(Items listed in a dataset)
—————

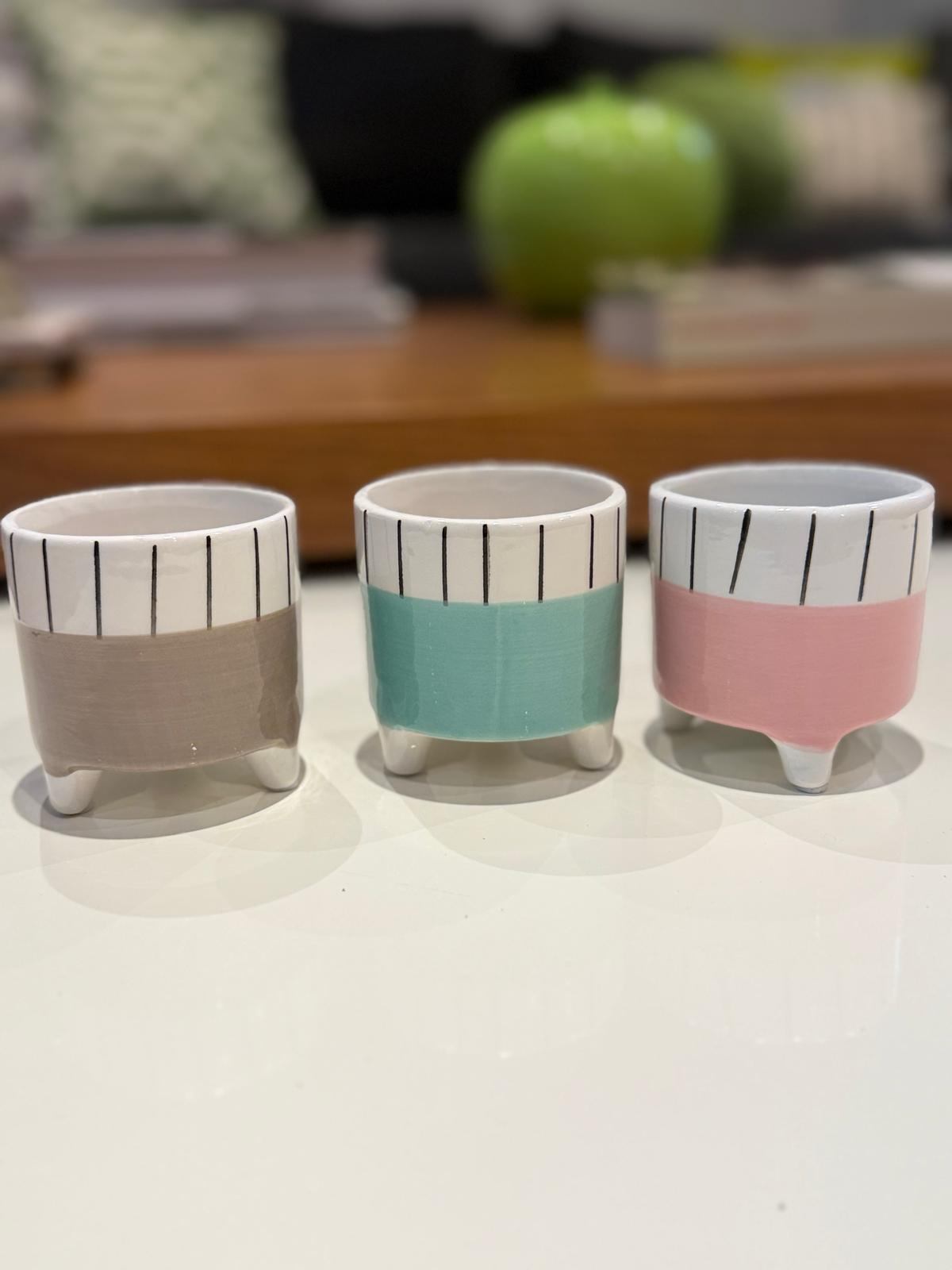 Set of 3 Decorative Ceramic Planters Pots
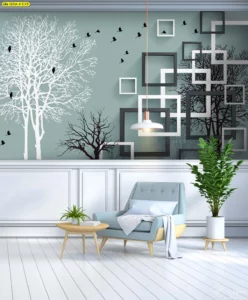ภาพพิมพ์แคนวาสติดผนังขนาดใหญ่สไตล์คอนเทมโพรารีอาร์ต เป็นรูปต้นไม้สีขาวและดำตัดกับรูปทรงเรขาคณิตบนพื้นหลังสีฟ้าอมเทา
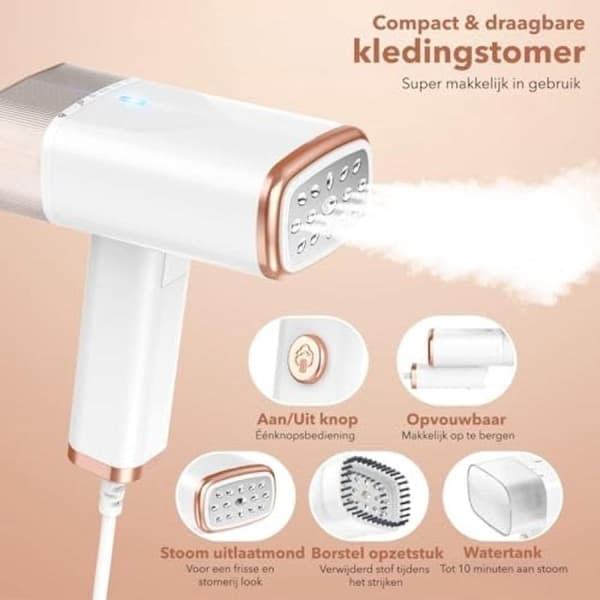 Compact Handheld Steamer with Fast Heating - Perfect for Travel and Home Use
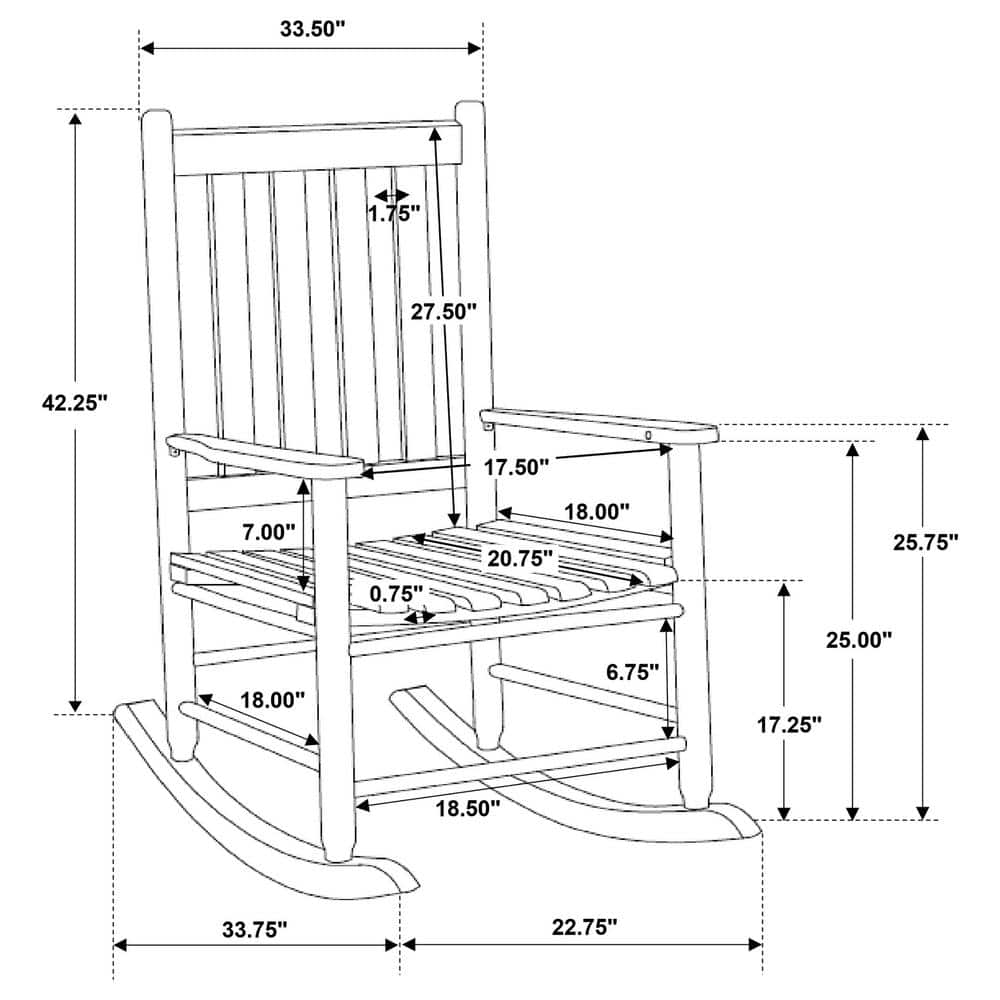 White Acacia Transitional Slat Back Rocking Chair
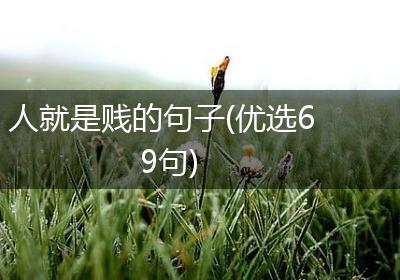 人就是贱的句子(优选69句)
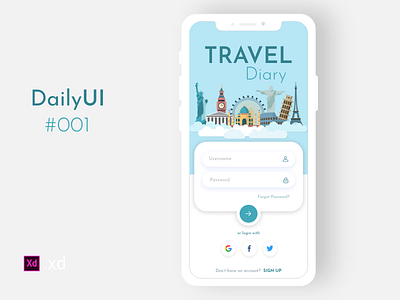 DailyUI #001 app app design category app dailyui design interface mobile mobile app mobile ui travel app traveling ui xd design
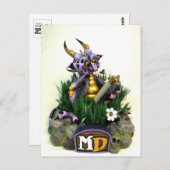 MDパープル読ドラゴンポストカード ポストカード (正面/裏面)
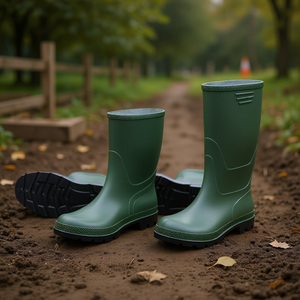 Bottes en PVC vert TTAKE avec semelle noire, chaussures de sécurité pour le travail et l'extérieur - Product Image 3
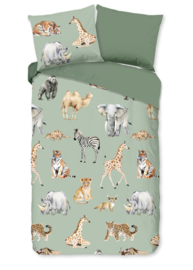 Muller Textiles Dekbedovertrek 33089 Safari Dieren/Pure/1 persoons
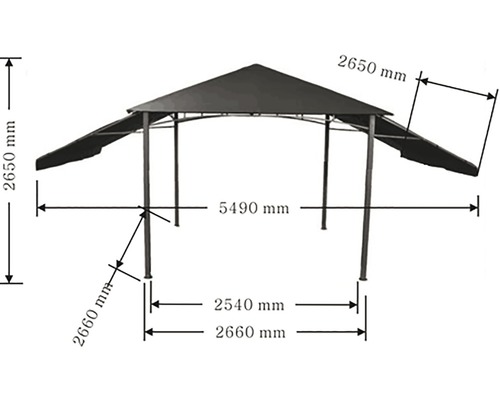 Abmessungen Pavillon mit Seitenmarkise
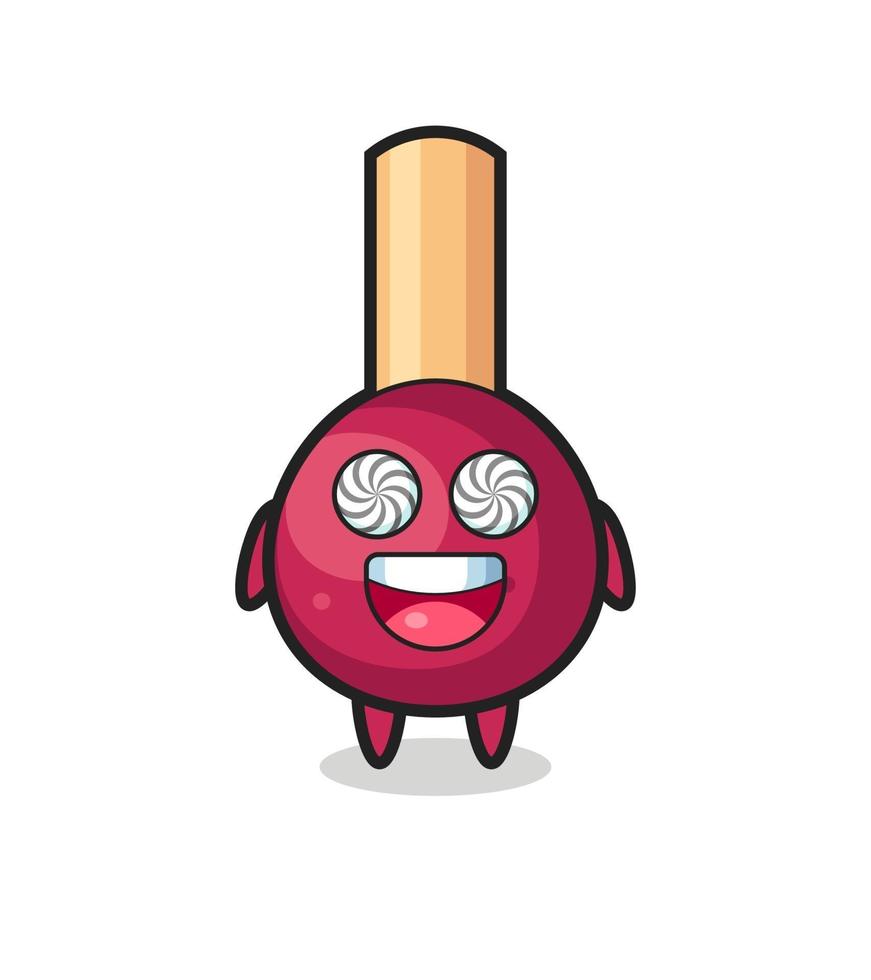 cute matches character with hypnotized eyes vector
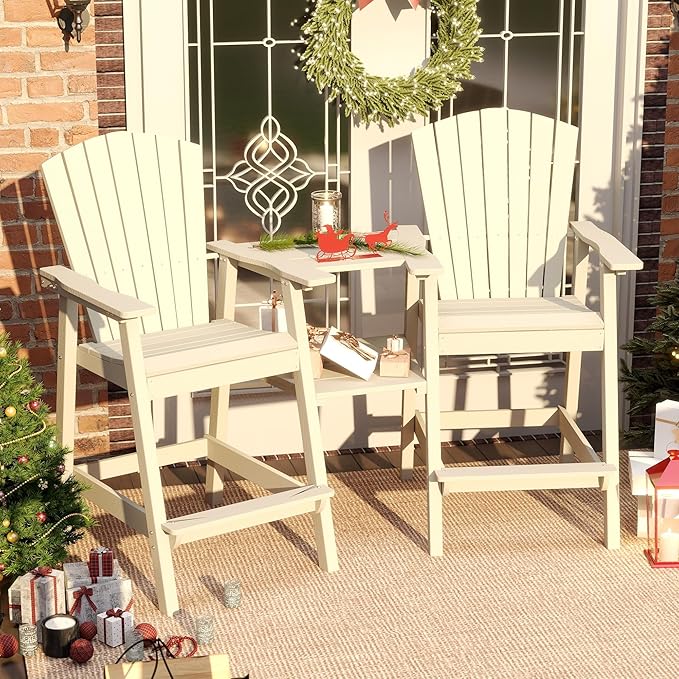 Tall Adirondack Chairs Set of 2, Bar Height HDPE Deck Chairs with Connecting Trays & Umbrella Hole, Weatherproof Patio Bar Stools for Balcony, Garden, White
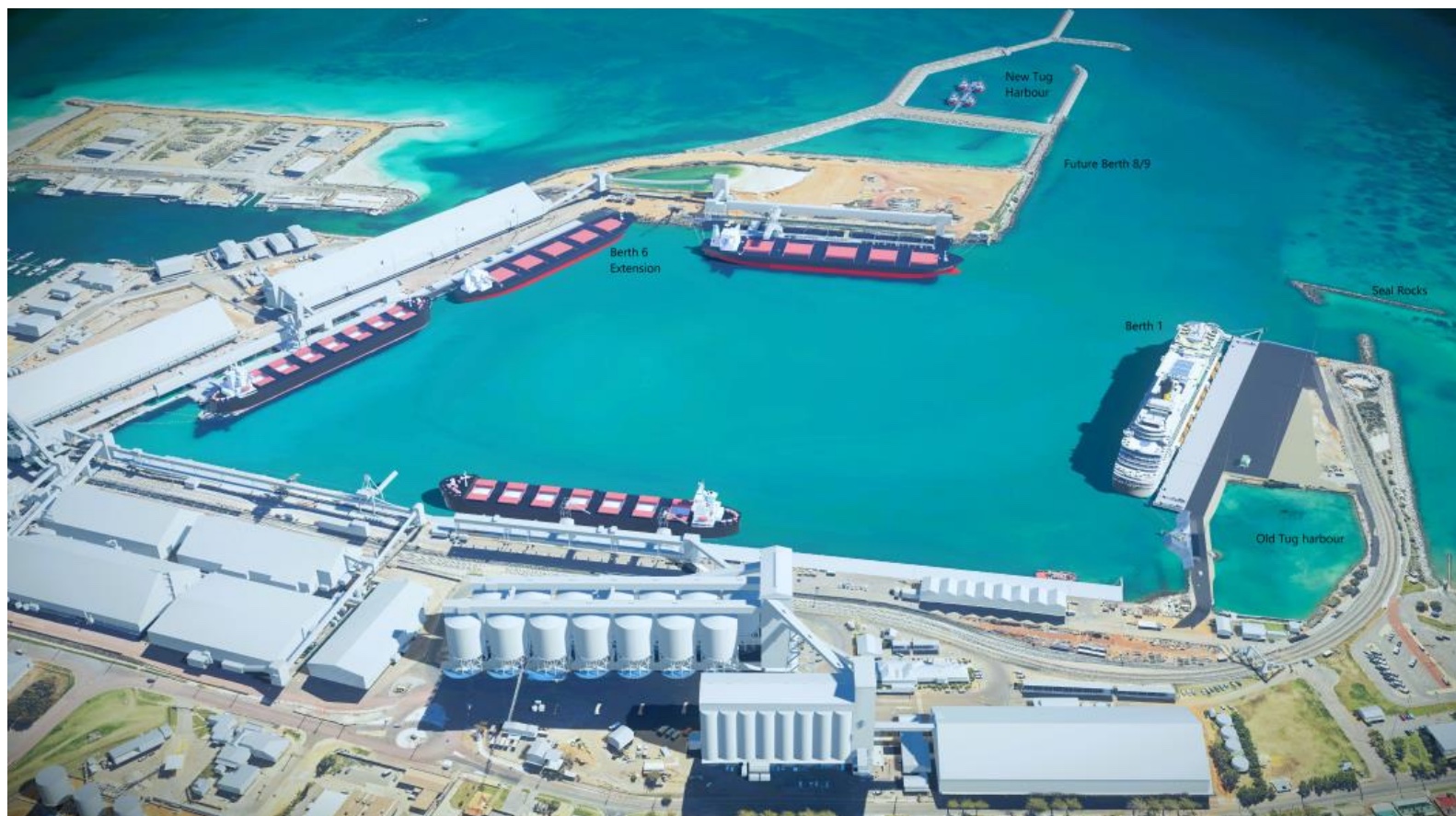 Geraldton Port Maximisation Project overview showing the new tug harbour and breakwater, Berth 1, Berth 6 extension, future Berths 8 and 9 and Seal Rocks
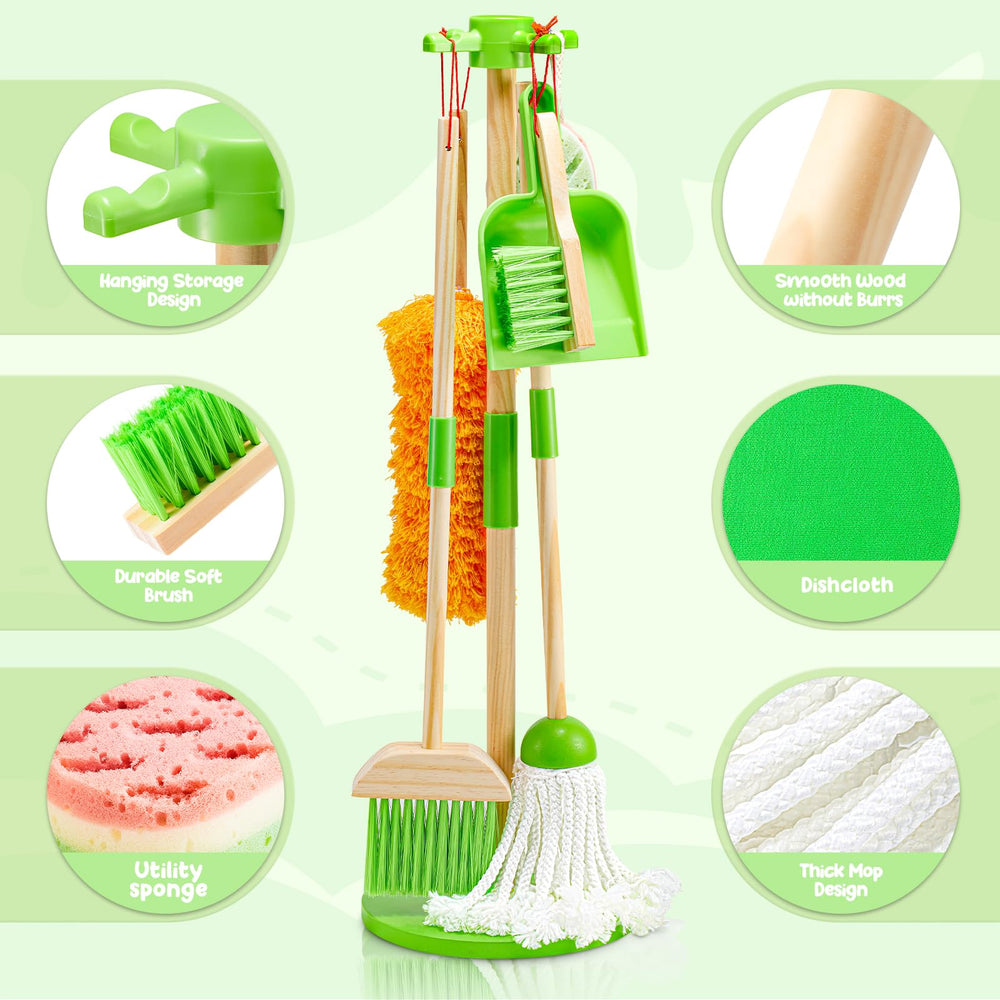 WHOHOLL wooden kids cleaning set dishcloth for quick cleanup after meals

—————

| PROMPT |
A word-for-word repeat of the lines from the line with "White Acacia Transitional" to the last line of the data, both ends included and pictures left out, is all that should appear.

| EXERCISE RESPONSE |
 White Acacia Transitional Slat Back Rocking Chair
 人就是贱的句子(优选69句)
 DailyUI #001 app app design category app dailyui design interface mobile mobile app mobile ui travel app traveling ui xd design
 MDパープル読ドラゴンポストカード ポストカード (正面/裏面)
 Bottes en PVC vert TTAKE avec semelle noire, chaussures de sécurité pour le travail et l'extérieur - Product Image 3
 Muller Textiles Dekbedovertrek 33089 Safari Dieren/Pure/1 persoons
 Abmessungen Pavillon mit Seitenmarkise
 cute matches character with hypnotized eyes vector
 Tall Adirondack Chairs Set of 2, Bar Height HDPE Deck Chairs with Connecting Trays & Umbrella Hole, Weatherproof Patio Bar Stools for Balcony, Garden, White
 Geraldton Port Maximisation Project overview showing the new tug harbour and breakwater, Berth 1, Berth 6 extension, future Berths 8 and 9 and Seal Rocks
 WHOHOLL wooden kids cleaning set dishcloth for quick cleanup after meals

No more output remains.